As the European Central Bank president pumps billions of euros of stimulus into the economy every month, he’s seeing continued euro-area expansion and a slow decline in unemployment. But he’s also faces outside forces including an emerging market-led slowdown and an oil-price slump that threaten to drag inflation back below zero.
That’s all combining to make for a gloomy outlook — the European Commission just cut its 2016 forecasts — and means Draghi, who is required to look at price stability, is again reconsidering stimulus mere months after upping his efforts. While data this week will probably show the euro-region economy grew for an 11th quarter at the end of 2015, the pace is modest, and not enough to offset the global disinflationary pressures afflicting the region.
“Domestic demand is OK, it’s the external environment which is not providing that big a boost,” said Marco Valli, chief euro-area economist at UniCredit Bank in Milan. “That is not going to change rapidly anytime soon.”
The 19-nation region probably grew 0.3% in the fourth quarter, according to economists surveyed by Bloomberg. Growth in 2015 is predicted at 1.5%, the best full-year performance since 2011.
Growth of this kind “must be considered normal in the current climate,” said Karsten Junius, chief economist at Bank J Safra Sarasin in Zurich. “The euro area has an inflation problem, not a growth problem.”
Still, maintaining even that limited quarterly pace could be a struggle: economic confidence slipped at the start of the year and a composite Purchasing Managers Index fell to a four-month low in January. The Stoxx 600 Index has fallen 13% this year and the Sentix investor confidence index dropped to the lowest in more than a year in February.
In addition to global restraints, the euro area is contending with domestic issues, including high levels of debt in some countries and the refugee crisis. The ECB wants governments to do more structural reforms to help strengthen the fundamentals of the economy.
Central banks such as the ECB are “expected to do way too much,” Mohamed El-Erian, chief economic adviser at Allianz and a Bloomberg View columnist, said on Bloomberg television on Friday. “Central banks cannot lift the economy on their own and we know that there are lots of costs and risks, collateral damage, of relying just on central banks.”
The European Commission on Thursday cut its 2016 growth prediction to 1.7% from 1.8% and said Germany, France and Italy — the region’s largest economies — will all perform worse than predicted just three months ago.

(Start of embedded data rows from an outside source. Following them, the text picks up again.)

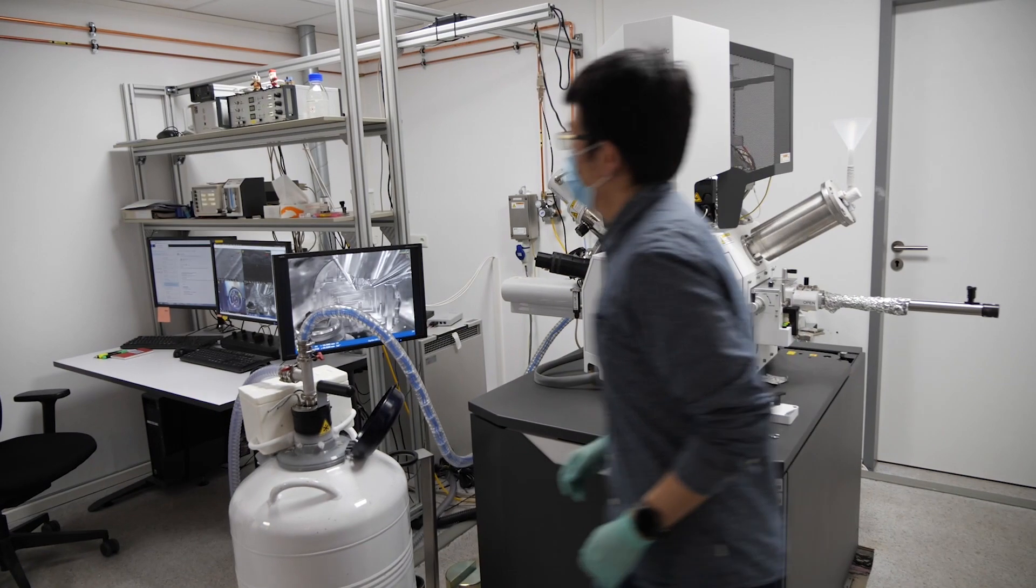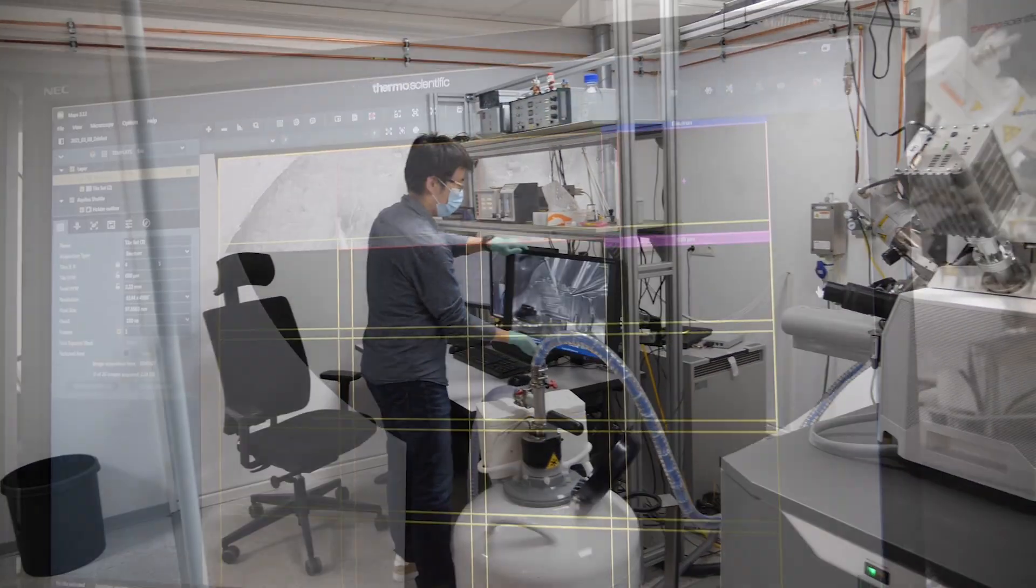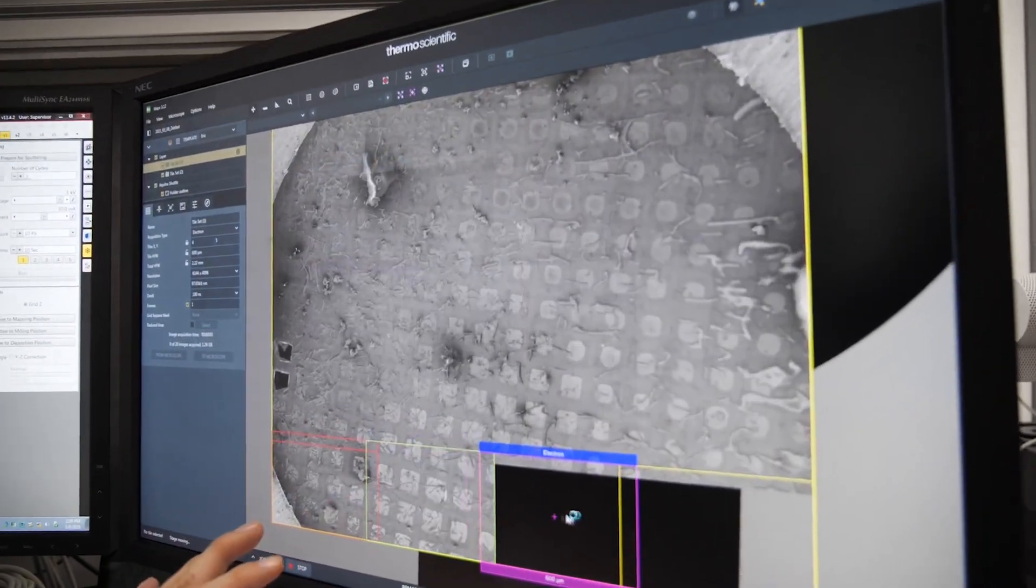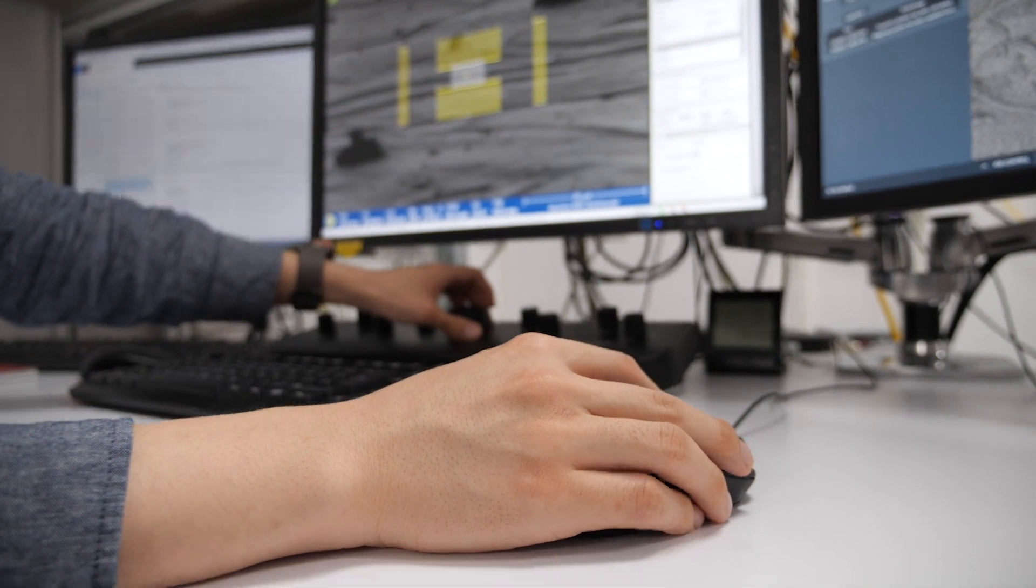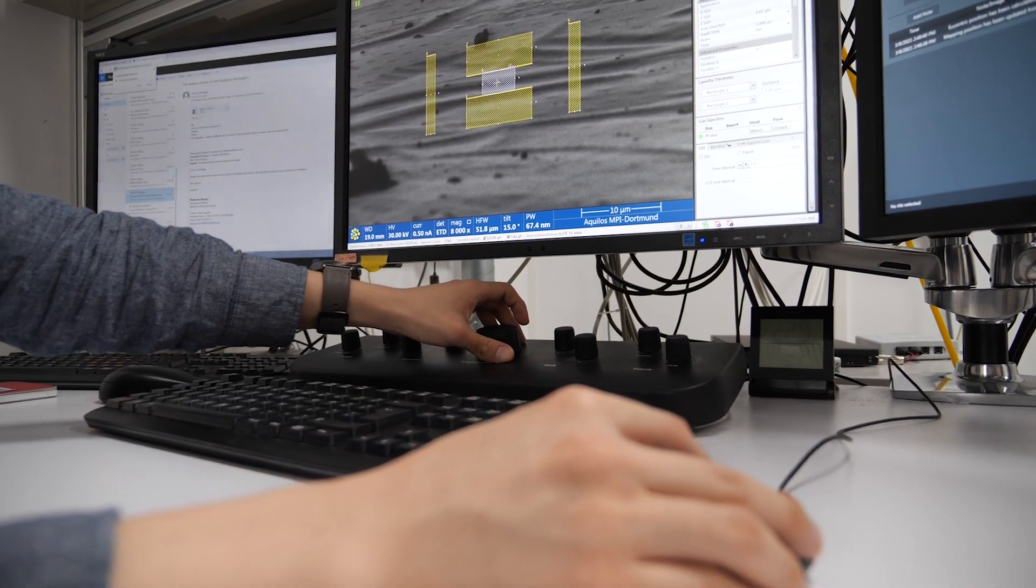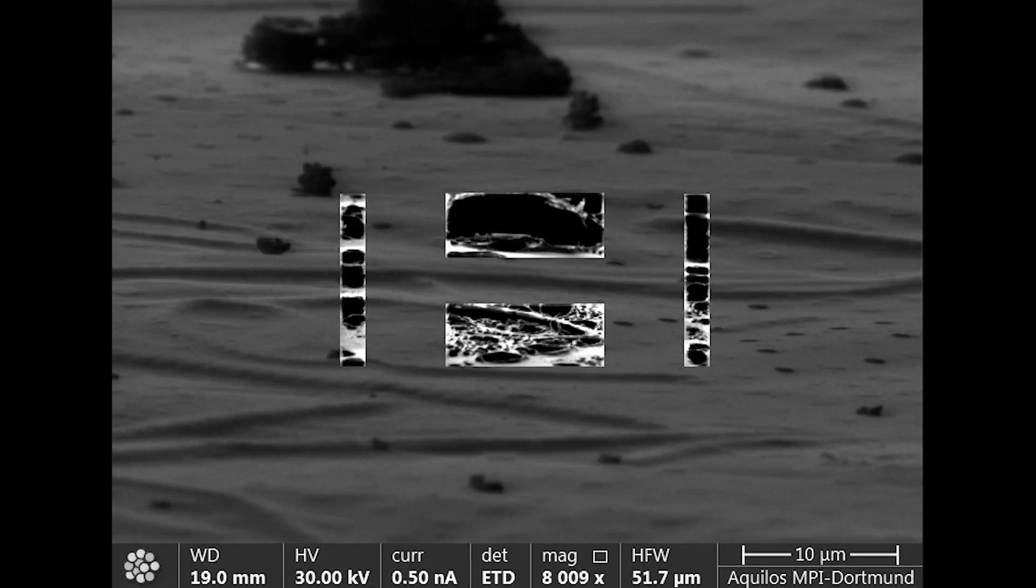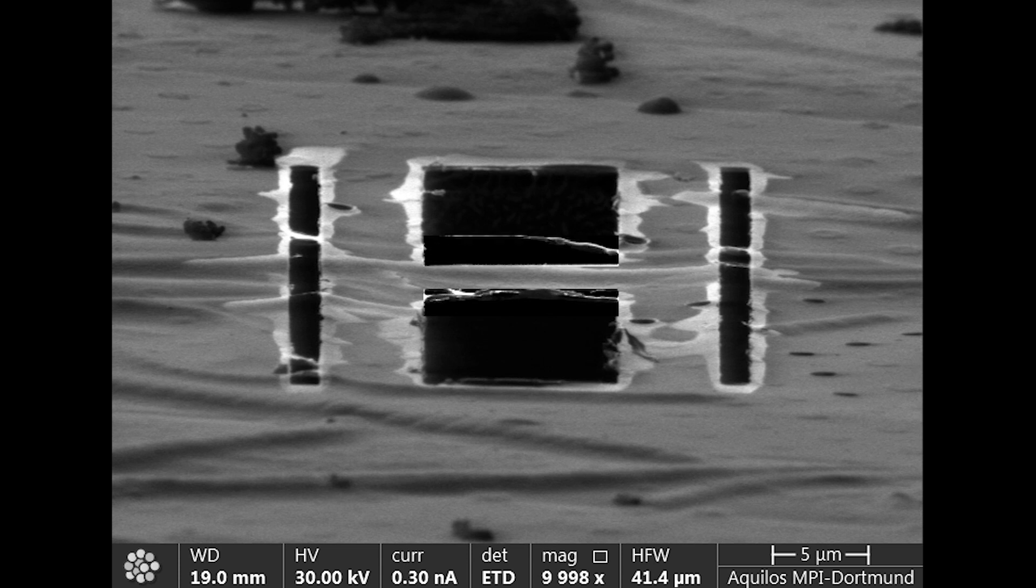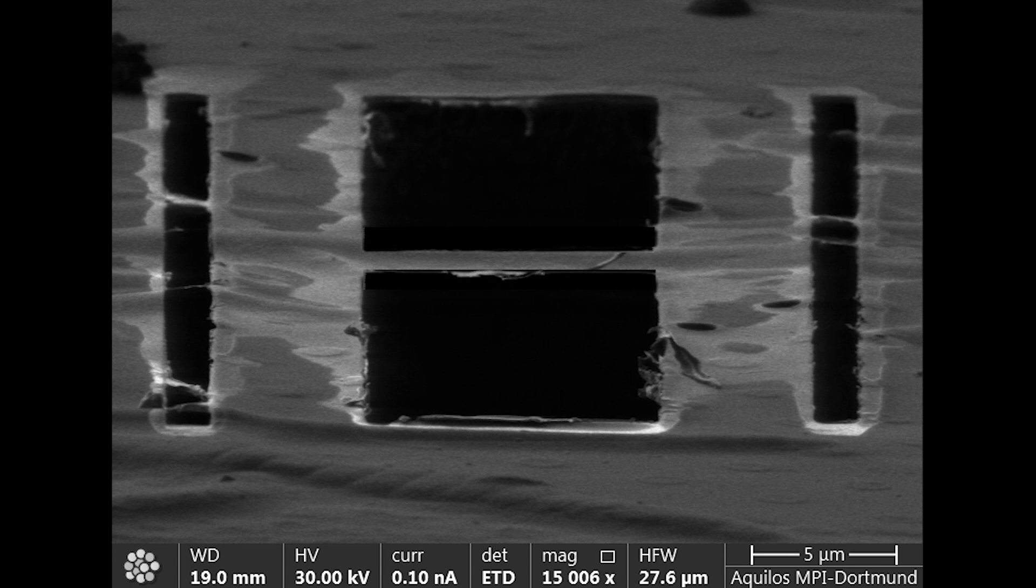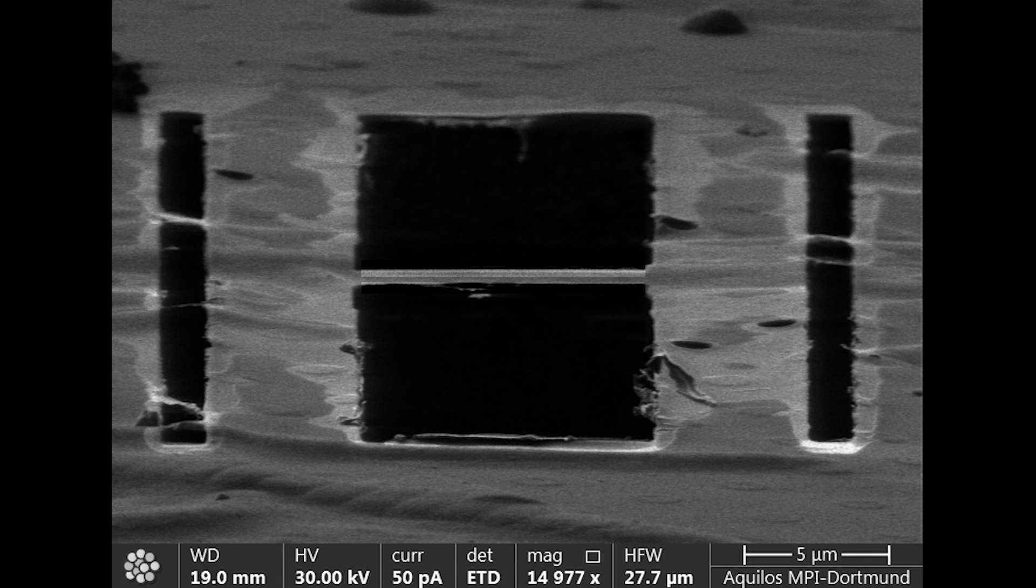The Aquilos is a microscope equipped with both an electron column and an ion column. We use the electron beam to first image the entire grid and localize our target of interest. Then the ion beam is used to cut the frozen biological sample. During the milling process we first create large windows around our target myofibril by ablating the material with a high current of ion beam leaving a lamella in the center. Afterwards the lamella is thinned down by an ion beam with smaller current to below 150 nanometers, thin enough for electrons to pass through.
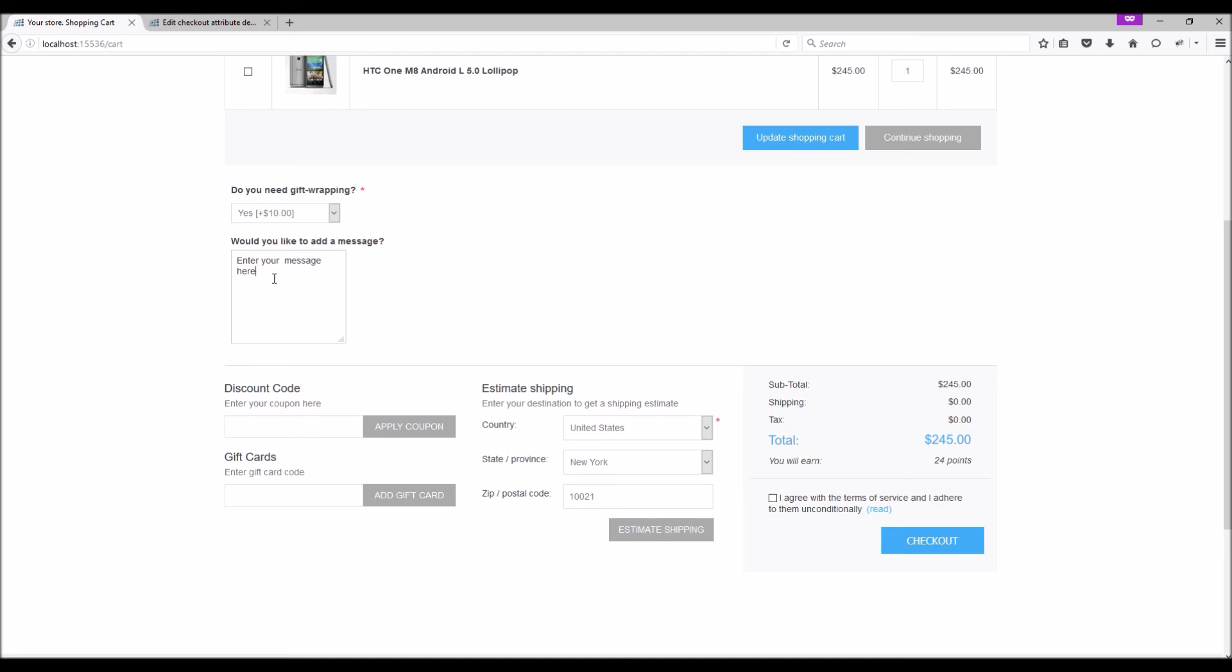This is how we add conditions to the checkout attributes. Now it's time for us to wrap up this tutorial video. Hope this was helpful. This video is brought to you by nopCommerce, open source shopping cart. Thank you.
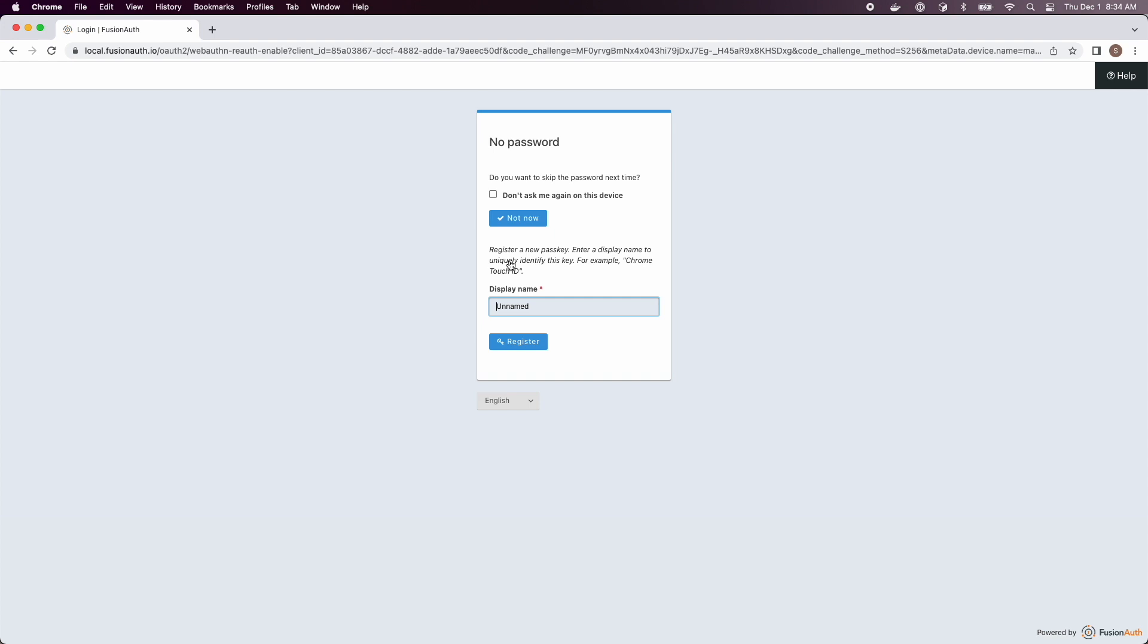You can choose the name of your passkey and you can also choose not to register a passkey and even not to ever be prompted to register a passkey again. That's what the not now button is for.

It sees inflation of just 0.5% this year.
Draghi said the same day that there are “forces in the global economy today that are conspiring to hold inflation down.” Carney referred to an “unforgiving global environment and sustained financial-market turbulence.”
For the ECB, which has a price stability mandate, the challenge is to push inflation back up to its goal of just under 2%. While the rate rose to 0.4% in January — the most in since October 2014 — policy makers expect weaker oil prices to drag it lower again in the coming months.
Concerned that inflation expectations could become dislodged, triggering a negative spiral and delayed spending that would cut demand, the ECB’s Governing Council has said it will decide on at its meeting on March 10 whether more needs to be done.
“The eurozone is not immune to financial-market turmoil and weakness elsewhere, with recent numbers proving to be disappointing,” said ING analysts including Mark Cliffe in London.
“At the same time, inflation is likely to be depressed by further declines in energy costs, with the ECB concerned that a prolonged period of negative headline inflation may lead to further drops in inflation expectations.”